Wednesday, October 13, 2010

Dreaming...


Last night I dreamt that we enjoyed a Thanksgiving Feast with some dear friends of ours.
A couple years ago we did cook a Thanksgiving meal together after the Holiday.
That is where I got my WONDERFUL sweet potato recipe.
The one that everyone loves, including myself.
Now all I can think about is a hot turkey sandwich.
YUMMY!!!

Tuesday, October 12, 2010

Woe is me....

and I am feeling it this morning. I just couldn't get my best foot forward today, I still cant. Its days like today I just want to ditch work and go back home and do some laundry. Because Laundry is my enemy at the moment and I curse it and promise that I will conquer it. Has it always been this big of an issue? Has there always been not enough hours in the day or enough hours of productive energy in the day to accomplish the tasks at hand. From the moment I get home I work towards one goal. Getting everything done so that I can read my book before bed, and start reading early enough so that I can fall asleep at a decent hour. Last night I accomplished my goal, I think, because I didn't do any laundry. The Hubby did though. He washed some pants for work today. You see we are different in so many ways, ways that compliment eachother and ways that butt their little heads. For instance, if the laundry isn't done and its late I am confident I will manage to find something to wear with what is clean and at hand. Even if I'm pregnant and growing and the choices are getting slim. The Hubby isn't as relaxed with his attire. With each mood he has a certain pair of pants to match. If those pants aren't clean it alters everything. That's just the way it is. Cole takes after his pickiness but if something isn't clean he manages. His little angelic daughter has taken after him in this area. So what do you know they butt heads when it comes to her attire. I guess for me, I have adjusted to this, seeing as we have been together and I have been doing his laundry for the last 8-9 years. You adjust and accommodate after a while. So here I am at work with a gagillion things to do on my desk, no really a gagillion, and all I can think about is grabbing my purse hopping in my car and hitting the stack of laundry. But you know what, I will leave work today and get home and my productive hours will have been long gone and then all I will be able to do is look at that stack of laundry and just hope and pray and wish that it will do its darn self. AND THAT is the story of our laundry among other things.

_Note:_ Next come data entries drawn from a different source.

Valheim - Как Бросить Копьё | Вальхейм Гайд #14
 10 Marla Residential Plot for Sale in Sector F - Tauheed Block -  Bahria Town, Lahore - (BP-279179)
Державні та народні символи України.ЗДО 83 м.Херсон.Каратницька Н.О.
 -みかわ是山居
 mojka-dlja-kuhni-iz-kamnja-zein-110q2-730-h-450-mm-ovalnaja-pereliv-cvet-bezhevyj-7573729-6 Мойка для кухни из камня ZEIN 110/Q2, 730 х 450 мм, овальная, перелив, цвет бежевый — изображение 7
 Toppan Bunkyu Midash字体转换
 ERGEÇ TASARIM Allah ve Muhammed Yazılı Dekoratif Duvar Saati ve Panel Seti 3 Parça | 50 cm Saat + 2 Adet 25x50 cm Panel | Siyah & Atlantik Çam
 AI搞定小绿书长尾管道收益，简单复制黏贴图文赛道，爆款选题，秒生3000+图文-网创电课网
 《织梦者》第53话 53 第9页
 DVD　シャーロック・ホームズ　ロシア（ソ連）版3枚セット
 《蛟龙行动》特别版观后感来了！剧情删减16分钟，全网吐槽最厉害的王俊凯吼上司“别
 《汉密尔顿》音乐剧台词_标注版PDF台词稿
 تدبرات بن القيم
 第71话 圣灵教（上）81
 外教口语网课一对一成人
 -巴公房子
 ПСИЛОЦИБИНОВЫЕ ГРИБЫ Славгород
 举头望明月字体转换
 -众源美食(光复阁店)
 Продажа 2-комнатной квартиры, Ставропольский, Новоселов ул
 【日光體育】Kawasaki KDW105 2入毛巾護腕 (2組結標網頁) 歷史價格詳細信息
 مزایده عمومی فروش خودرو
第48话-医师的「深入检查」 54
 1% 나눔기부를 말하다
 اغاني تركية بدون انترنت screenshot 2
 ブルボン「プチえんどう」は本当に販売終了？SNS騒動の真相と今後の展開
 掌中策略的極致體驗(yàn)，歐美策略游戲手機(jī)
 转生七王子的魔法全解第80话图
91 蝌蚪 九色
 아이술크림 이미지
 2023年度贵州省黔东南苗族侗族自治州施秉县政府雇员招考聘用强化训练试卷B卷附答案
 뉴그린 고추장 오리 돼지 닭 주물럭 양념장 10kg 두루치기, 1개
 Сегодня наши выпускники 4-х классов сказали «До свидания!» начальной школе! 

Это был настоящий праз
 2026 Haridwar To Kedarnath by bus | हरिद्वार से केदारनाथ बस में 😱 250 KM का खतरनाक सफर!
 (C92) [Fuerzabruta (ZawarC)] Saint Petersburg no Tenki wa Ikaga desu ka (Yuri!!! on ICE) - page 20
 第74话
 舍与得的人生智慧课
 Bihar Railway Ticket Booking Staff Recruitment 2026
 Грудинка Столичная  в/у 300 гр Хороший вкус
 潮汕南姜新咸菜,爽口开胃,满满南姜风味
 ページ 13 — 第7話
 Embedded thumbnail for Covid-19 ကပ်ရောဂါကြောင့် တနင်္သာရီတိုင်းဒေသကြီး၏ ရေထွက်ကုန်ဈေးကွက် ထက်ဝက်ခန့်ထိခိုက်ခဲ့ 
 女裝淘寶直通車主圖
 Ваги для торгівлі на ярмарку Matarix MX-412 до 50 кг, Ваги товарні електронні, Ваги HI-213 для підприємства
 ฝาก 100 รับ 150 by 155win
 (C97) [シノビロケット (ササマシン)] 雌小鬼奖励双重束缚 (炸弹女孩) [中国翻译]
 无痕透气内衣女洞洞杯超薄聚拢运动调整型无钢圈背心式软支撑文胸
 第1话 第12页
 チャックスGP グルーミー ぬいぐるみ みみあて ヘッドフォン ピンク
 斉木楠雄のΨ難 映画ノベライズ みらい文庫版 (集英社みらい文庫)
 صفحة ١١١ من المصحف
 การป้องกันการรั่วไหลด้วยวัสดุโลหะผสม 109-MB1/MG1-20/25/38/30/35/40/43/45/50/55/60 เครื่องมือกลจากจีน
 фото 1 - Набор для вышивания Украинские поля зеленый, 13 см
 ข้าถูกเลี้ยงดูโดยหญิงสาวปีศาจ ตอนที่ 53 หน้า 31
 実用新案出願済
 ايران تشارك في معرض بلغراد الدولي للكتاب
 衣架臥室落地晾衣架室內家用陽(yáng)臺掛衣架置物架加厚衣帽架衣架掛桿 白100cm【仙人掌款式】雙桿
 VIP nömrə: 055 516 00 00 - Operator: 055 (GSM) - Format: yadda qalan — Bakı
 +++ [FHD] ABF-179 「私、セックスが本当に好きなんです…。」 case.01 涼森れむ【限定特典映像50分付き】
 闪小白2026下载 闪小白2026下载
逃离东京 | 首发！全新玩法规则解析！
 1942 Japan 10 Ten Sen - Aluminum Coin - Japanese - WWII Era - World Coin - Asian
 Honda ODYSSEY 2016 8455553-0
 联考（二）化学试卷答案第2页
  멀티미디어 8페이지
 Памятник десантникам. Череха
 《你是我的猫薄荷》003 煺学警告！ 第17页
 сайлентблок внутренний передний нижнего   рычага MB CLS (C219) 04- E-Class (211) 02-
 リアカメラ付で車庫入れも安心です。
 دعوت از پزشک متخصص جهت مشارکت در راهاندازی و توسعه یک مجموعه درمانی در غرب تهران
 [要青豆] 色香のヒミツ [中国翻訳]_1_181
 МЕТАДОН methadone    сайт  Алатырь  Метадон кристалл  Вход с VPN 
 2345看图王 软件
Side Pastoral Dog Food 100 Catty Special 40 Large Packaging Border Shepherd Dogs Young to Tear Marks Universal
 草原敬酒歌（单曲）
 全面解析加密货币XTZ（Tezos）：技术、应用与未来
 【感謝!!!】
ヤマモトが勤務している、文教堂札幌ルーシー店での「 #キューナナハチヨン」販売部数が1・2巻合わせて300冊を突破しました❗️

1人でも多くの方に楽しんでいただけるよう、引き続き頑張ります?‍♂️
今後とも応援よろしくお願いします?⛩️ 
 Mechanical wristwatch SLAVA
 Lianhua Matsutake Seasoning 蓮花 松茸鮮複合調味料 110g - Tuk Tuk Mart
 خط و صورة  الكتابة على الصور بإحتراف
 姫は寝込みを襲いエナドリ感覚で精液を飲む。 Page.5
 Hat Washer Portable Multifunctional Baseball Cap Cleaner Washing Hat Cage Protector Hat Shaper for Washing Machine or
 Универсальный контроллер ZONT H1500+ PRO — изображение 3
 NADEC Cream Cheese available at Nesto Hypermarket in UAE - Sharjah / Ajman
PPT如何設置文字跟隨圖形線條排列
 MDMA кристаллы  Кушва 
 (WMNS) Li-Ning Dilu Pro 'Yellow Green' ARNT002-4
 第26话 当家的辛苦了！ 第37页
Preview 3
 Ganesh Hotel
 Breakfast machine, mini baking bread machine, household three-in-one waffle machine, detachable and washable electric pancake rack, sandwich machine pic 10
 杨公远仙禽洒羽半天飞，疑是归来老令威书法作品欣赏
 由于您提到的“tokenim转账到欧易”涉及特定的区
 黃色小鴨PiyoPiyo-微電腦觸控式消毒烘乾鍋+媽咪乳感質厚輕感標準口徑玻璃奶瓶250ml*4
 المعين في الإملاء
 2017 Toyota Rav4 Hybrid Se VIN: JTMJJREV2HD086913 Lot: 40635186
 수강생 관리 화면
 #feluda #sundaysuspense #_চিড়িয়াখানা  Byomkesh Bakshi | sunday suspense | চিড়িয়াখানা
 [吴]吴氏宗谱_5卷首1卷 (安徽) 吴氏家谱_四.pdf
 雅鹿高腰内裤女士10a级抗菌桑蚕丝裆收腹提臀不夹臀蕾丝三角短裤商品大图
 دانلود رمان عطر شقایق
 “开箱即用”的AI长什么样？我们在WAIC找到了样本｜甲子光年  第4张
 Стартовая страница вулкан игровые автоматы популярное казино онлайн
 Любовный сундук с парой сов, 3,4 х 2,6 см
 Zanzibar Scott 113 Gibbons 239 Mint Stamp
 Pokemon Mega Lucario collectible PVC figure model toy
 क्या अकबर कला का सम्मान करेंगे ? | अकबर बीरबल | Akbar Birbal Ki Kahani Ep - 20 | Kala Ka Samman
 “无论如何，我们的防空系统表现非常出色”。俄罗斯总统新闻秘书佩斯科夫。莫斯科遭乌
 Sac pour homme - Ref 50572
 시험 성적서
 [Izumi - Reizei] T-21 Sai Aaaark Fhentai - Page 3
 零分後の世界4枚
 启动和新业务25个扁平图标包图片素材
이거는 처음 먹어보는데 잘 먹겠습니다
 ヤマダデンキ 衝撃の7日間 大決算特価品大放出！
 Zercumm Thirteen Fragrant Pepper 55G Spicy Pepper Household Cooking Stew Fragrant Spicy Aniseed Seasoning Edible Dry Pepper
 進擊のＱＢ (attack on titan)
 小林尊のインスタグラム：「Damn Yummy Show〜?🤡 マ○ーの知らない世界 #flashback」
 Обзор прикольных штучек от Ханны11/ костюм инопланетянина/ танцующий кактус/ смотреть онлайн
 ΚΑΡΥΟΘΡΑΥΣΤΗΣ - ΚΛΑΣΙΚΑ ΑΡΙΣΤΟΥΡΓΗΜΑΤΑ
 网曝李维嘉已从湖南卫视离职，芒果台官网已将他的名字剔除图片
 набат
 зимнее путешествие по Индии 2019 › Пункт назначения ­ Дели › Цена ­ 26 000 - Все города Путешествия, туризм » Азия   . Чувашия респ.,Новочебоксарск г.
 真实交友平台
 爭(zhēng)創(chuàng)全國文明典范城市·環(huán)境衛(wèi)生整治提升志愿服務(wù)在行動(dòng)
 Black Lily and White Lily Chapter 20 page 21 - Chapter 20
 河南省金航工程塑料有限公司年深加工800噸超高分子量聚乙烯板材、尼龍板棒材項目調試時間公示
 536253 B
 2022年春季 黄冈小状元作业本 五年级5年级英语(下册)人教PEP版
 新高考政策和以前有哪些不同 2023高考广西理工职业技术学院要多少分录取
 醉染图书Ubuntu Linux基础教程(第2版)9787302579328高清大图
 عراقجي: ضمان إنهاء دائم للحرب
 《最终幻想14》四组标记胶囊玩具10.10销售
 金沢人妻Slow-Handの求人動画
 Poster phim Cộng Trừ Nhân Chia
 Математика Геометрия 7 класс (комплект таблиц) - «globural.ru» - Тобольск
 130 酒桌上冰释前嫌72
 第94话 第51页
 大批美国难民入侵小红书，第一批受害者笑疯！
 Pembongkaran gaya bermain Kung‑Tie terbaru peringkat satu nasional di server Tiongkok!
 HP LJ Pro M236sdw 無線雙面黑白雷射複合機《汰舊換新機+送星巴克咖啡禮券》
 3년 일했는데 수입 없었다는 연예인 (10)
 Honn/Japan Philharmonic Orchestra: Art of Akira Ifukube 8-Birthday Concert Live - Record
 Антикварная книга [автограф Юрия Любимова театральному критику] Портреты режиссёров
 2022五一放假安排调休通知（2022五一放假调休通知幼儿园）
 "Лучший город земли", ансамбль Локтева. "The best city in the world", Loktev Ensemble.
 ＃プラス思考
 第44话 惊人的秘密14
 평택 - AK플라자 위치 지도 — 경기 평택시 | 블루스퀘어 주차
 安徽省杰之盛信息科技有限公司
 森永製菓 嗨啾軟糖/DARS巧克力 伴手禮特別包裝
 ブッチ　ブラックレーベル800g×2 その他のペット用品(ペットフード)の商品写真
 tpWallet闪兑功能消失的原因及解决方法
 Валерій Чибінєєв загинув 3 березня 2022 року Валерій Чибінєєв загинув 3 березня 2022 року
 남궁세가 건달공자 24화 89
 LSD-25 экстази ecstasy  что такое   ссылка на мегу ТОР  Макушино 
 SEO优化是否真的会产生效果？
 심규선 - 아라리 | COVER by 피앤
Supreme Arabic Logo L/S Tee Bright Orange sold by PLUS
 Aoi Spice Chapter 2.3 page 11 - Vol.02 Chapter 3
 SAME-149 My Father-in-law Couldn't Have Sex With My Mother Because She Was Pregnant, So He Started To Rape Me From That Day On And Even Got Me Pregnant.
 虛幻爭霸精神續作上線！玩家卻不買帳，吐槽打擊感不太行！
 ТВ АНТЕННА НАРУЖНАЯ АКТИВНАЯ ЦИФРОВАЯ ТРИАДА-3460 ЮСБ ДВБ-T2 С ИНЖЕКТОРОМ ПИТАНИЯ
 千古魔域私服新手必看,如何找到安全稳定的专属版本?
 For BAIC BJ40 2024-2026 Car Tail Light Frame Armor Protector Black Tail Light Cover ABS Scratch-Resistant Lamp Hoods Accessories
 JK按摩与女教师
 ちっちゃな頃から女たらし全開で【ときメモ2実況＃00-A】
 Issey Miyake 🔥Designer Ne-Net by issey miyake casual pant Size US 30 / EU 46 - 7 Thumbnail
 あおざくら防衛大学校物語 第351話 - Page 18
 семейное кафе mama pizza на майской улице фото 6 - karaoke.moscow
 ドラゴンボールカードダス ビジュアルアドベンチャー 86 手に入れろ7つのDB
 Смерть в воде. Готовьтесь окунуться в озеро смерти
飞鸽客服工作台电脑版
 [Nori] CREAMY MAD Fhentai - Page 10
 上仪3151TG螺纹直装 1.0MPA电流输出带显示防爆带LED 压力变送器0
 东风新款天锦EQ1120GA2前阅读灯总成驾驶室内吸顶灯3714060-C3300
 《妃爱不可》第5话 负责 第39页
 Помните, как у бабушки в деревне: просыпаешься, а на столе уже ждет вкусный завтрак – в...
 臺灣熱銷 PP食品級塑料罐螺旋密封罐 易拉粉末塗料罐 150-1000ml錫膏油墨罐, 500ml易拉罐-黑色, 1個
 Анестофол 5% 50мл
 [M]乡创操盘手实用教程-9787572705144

I'm just not feeling it today. I sit here and go over the morning I had and the things I could do differently to make things run smoother next time. I could get up earlier, that would make things a whole lot better. Its easier said then done though. Why is it that when the alarm goes off the bed just gets comfier. Just 5 more minutes. Then we are all rushing out the door. Morning got more difficult when the little one started Kindergarten. She likes to stay up late at night and hates to get up in the morning. She has ALWAYS been this way. She was probably one of the only infants I new that slept until 9am. Then it was good, now its a problem. As a Mommy I just want to let my kids sleep. Especially the grouchy ones. Because the grouchy ones make for difficult mornings.

I know I'm complaining and trying not to feel sorry for myself because really there is nothing to feel sorry about. I also know writing makes me feel better. I can categorize the grumbling in my head and release it for a clearer focus. Tomorrow is a new day and as long as I push myself to be better I will do better. I also admire working Mothers especially mothers that are pregnant because its a struggle. Especially when the only thing you really want to do at the moment is be a mom.

Monday, October 11, 2010

Our little Girl.....



She is getting so big. It amazes me though how different every child is even growing in our bellies. Taylor was feisty from conception. Seriously. She was always kicking and not cooperating. This little girl works like clock work. I only feel her kicking and moving two times a day. At lunch time and about 9:30 at night. During all of the ultrasounds she was all cuddled up to the placenta. At one point the technician wanted to make her mad so she would move around so she had me roll over a few times. It still didnt matter, she just adjusted herself and went back to snoozing.
I am very anxiouse to see how this little girl is going to be, what she looks like what her personality is like? We cant wait to meet her!
I am CRAVING big stormy weather. Lots of dark rainy clouds and rolling thunder and howling wind. I want to curl up on my couch with a good book and a hot cup of tea and something yummy in the crockpot.
Can it storm please?
Im sure you all think im crazy but this comfortable growing body of mine is craving some cold wet weather.